Almanya’da bunlar olurken peki Avusturya’da ruh hali nasıldı? Maç öncesinde yabacı basın mensuplarını kabul eden Avusturya Dışişleri Bakanı Alexander Schallenberg onlarla görüştü. Türkiye’ye kısa süre önce yaptığı ziyaretten ve Dışişleri Bakanı Hakan Fidan’dan övgü ile söz etti. Avusturya’da Dışişleri Bakanı’ndan Maliye Bakanı’na kadar siyasiler Almanya’dan farklı olarak maç ortamını Türklerle paylaşmaya özen gösterdi.

Avusturya’daki ortamı Viyana Büyükelçimiz Ozan Ceyhun, Yeni Şafak’a “Almanya’nın tersine Avusturya maçı şölen havasında izledi. Türkler yenilen Avusturya Milli Takımı’nı alkışladı. Ülkedeki Türk dernekleri çok iyi organize olmuştu. Maçtan sonra da Viyana’da Türkler Avusturya Milli Takımı lehine dayanışma mesajı verdi. “Sosyal medyada yer alan, insanlar zarar gördüğü haberleri gerçek dışı” açıklamasını yaptı.

Aslında hem Alman yönetimi hem Alman polisi hem de Alman halkı estirilen Türkiye karşıtı havadan oldukça uzak. Günlerdir maçların oynandığı şehirlerde sokağın nabzını tutuyorum. Ne Alman polisi ne de Alman halkı ev sahipliğine yakışmayan bir tutum sergiledi.

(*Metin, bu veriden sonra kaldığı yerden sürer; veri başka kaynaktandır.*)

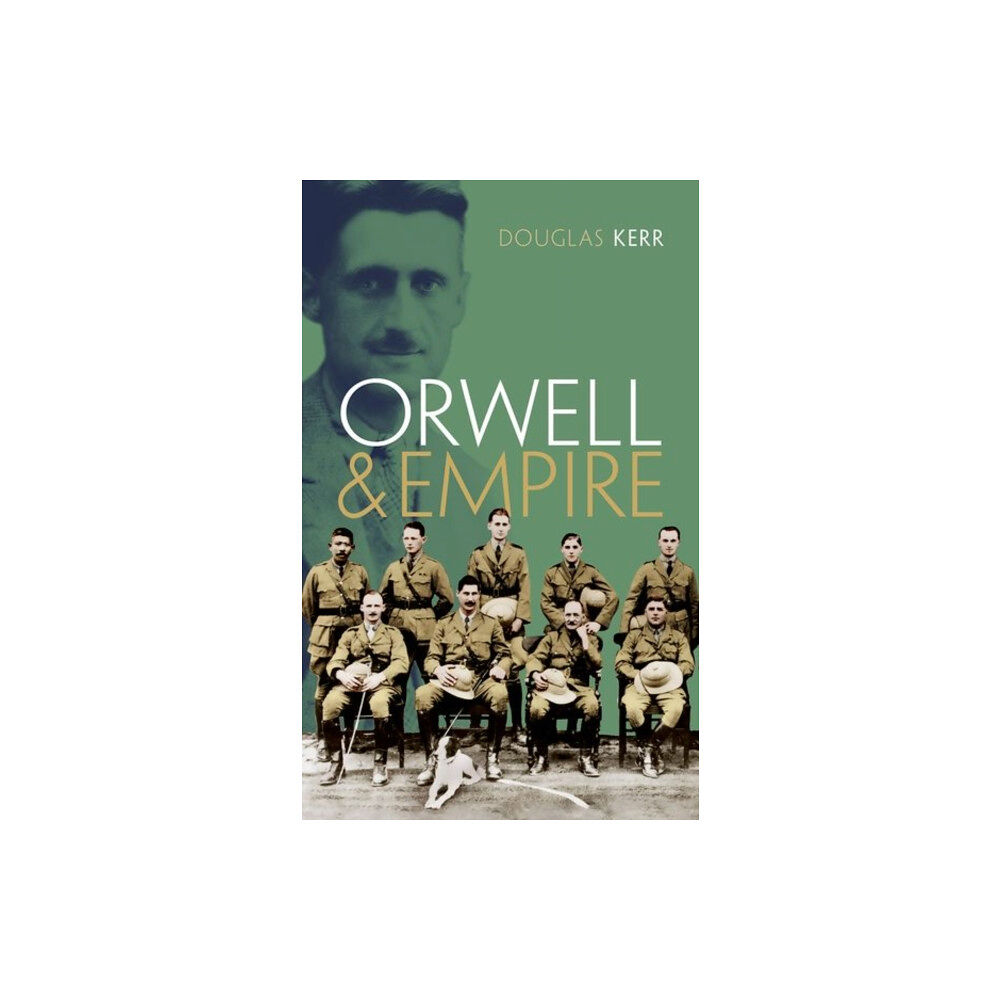 Oxford University Press Orwell and Empire (inbunden, eng)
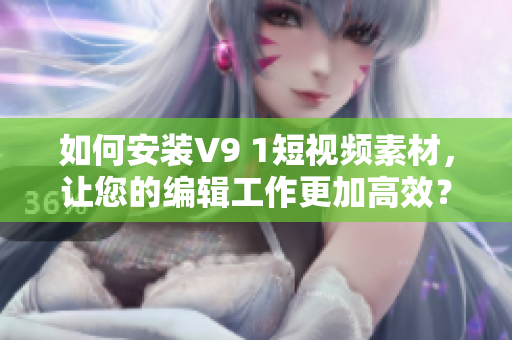 如何安装V9 1短视频素材，让您的编辑工作更加高效？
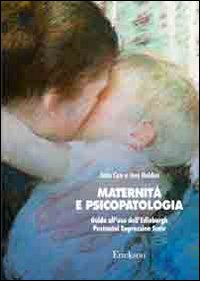 Maternità e psicopatologia. Guida all'uso dell'Edinburgh Postnatal Depression Scale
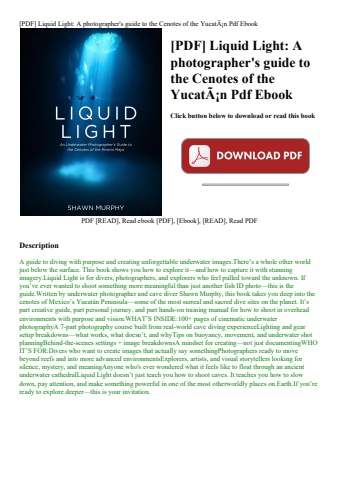 [pdf] liquid light a photographer's guide to the cenotes of the yucatãƒâ¡n pdf ebook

Son bir söz de Türkiye’de kamu diplomasisi yapan kurum ve kuruluşlara. Türkler çeşitli vesilelerle Avrupa metropollerinde sokakları dolduruyor. Yerel yönetimlerin kayıtsızlığından binlerce Türk, meydanlarda oraya buraya saldırıyor gibi bir manzara oluşuyor. Böylesi günler için Yurtdışı Türkler ve Akraba Türkler Başkanlığı bir kutlama konsepti geliştirse ve yerel muhataplarla uygulasa ne iyi olur. Sponsor biletleri sanatçılara verilse. Hem Avrupa ülkeleri hem de bizler rahat ederiz. Bu mümkün mü? Bakın Dortmund, Hamburg ve Berlin sokaklarına. Emniyet Genel Müdürlüğü’ne mensup polis memurları Alman polisi ile caddelerde omuz omuza görev yapıyor.

Birçok sanatçımız Almanya’da yaşıyor. Sokaklar marjinallerden temizlenir. Olası bir final, bayrama döner. Türk dostu Teknik Direktör Christoph Daum da bu görüşte. Alman medyasında demeç veren Daum “Almanya finali Türkiye ile oynar” diyor.

Türkiye Almanya’nın spor gündemine o kadar hakim ki... Dortmund’un başında Nuri Şahin bulunuyor. Ülke hâlâ bugün bile Mesut Özil’i konuşuyor.

Almanya’yı sallayan Milli Takım'ın olası rakipleri arasında Murat Yakın’ın teknik direktörü olduğu İsviçre var. Alman Milli Takımı'nın Kaptanı İlkay Gündoğan.

Neticeler ne olursa olsun, bugün olduğu gibi yarın da Almanya-Türk futbolunu konuşacak. Almanya yaşamın her alanında zaten Almanya-Türkiye futbol finalini yaşıyor. Bu kaderden kaçış yok.

Leipzig’de Viyana’nın düşüşü ile başlayan süreç Berlin’de Amsterdam’ın fethi ile taçlanırsa yarı final şölenine hazır olalım.